Electron-induced extended-fine-structure measurements of thin-film growth and reaction

The application of two electron-beam-induced extended-fine-structure (EFS) techniques [surface extended energy-loss fine structure (SEELFS) and extended appearance-potential fine structure (EAPFS)] to the study of thin films has been demonstrated by measurements on three well-characterized compositional phases of titanium deposited on Si(111). The EFS above the Ti L₂,3 edge have been measured for an unannealed (20 °C) pure Ti overlayer, a 250 °C-annealed layer (a Si-rich Ti overlayer), and a 400 °C overlayer (a silicide phase). Data were analyzed by using two routines from extended x-ray-absorption fine structure (EXAFS): the standard optical transform (including Δl=+1 phase shifts) and the ratio method which is independent of phase shifts.

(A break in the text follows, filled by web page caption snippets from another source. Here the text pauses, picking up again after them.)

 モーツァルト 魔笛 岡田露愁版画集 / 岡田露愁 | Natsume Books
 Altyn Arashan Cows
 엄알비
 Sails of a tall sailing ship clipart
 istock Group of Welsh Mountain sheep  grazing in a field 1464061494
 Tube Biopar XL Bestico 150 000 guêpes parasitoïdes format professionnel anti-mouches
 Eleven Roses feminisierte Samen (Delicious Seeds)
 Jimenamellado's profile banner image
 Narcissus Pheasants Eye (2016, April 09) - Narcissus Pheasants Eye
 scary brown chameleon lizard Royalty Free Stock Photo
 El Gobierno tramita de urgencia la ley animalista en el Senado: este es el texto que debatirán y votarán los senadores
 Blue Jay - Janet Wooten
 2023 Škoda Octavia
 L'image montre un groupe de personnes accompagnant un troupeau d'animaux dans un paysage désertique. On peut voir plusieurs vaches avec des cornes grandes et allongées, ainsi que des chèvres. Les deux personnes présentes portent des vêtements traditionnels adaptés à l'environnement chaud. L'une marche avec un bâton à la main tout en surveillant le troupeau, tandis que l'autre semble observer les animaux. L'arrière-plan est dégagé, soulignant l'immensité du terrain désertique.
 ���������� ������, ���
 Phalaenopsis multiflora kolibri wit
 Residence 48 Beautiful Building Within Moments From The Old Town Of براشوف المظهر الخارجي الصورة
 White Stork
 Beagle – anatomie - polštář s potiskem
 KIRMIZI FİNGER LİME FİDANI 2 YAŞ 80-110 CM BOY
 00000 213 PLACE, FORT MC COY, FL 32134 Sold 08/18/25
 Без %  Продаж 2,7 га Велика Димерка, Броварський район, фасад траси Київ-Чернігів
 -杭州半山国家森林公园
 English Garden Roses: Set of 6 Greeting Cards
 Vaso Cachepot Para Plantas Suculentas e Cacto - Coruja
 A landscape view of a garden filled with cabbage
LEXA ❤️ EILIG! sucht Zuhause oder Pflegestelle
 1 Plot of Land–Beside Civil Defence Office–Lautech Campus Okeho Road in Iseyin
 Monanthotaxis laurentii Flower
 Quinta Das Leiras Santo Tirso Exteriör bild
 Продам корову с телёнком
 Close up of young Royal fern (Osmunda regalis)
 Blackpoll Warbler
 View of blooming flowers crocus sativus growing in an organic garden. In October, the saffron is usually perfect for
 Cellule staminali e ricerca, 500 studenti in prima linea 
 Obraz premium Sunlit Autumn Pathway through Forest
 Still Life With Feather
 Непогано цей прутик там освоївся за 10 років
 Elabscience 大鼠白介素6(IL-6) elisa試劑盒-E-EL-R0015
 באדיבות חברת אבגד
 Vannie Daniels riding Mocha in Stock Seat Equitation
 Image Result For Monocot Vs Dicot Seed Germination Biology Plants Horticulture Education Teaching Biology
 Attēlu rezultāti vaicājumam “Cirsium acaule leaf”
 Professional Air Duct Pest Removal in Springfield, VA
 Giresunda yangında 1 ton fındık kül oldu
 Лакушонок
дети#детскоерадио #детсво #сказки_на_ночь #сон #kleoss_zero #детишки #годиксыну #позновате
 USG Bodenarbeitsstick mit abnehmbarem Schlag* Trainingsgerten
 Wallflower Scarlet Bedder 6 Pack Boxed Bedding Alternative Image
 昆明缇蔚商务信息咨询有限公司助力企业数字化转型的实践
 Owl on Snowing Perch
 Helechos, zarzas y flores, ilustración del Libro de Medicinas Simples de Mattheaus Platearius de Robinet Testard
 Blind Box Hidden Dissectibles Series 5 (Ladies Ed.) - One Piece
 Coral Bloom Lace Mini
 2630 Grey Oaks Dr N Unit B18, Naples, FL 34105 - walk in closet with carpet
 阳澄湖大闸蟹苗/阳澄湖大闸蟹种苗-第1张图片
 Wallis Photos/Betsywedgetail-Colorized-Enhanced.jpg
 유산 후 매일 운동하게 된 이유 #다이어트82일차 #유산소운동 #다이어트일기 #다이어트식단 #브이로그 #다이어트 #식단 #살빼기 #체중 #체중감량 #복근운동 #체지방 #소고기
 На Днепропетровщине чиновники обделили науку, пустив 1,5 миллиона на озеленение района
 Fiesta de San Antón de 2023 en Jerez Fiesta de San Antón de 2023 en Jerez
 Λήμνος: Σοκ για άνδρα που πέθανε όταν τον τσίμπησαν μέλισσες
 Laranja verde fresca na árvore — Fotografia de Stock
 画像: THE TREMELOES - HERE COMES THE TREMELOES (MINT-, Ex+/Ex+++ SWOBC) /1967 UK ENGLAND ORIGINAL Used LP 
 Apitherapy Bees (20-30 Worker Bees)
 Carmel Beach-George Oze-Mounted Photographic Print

The Ti L₂,3edge EFS satisfies the dipole pseudo-selection-rule of EAPFS, validating the use of Δl=+1 phase shifts in the EAPFS analysis. The agreement between the measured spectra obtained with SEELFS and EAPFS is very good and is additional confirmation of the use of dipole phase shifts in SEELFS analysis.

The nearest-neighbor atomic spacings for both the 20 °C and 250 °C unreacted overlayers were determined by the standard analysis to be 2.93±0.02 Å, in good agreement with the predicted value of 2.915 Å for the two unresolved near-neighbor spacings at 2.89 and 2.94 Å of bulk Ti. Application of the ratio method to this data confirms these results and also shows that the 250 °C-annealed film, measured at room temperature, exhibits a higher degree of structural disorder than the 20 °C film. The absence of additional peaks in the radial distribution function obtained from the EFS and the good straight line fits of the ratio method suggest that the silicon diffuses via grain boundaries. Measurements of the 400 °C data showed a local structure similar to TiSi. The nearest-neighbor pair in this film was determined to be a Ti—Si bond with a spacing of 2.39±0.04 Å, also in good agreement with the predicted value of 2.37 Å, again for two unresolved near-neighbor atomic separations at 2.30 and 2.44 Å of bulk TiSi.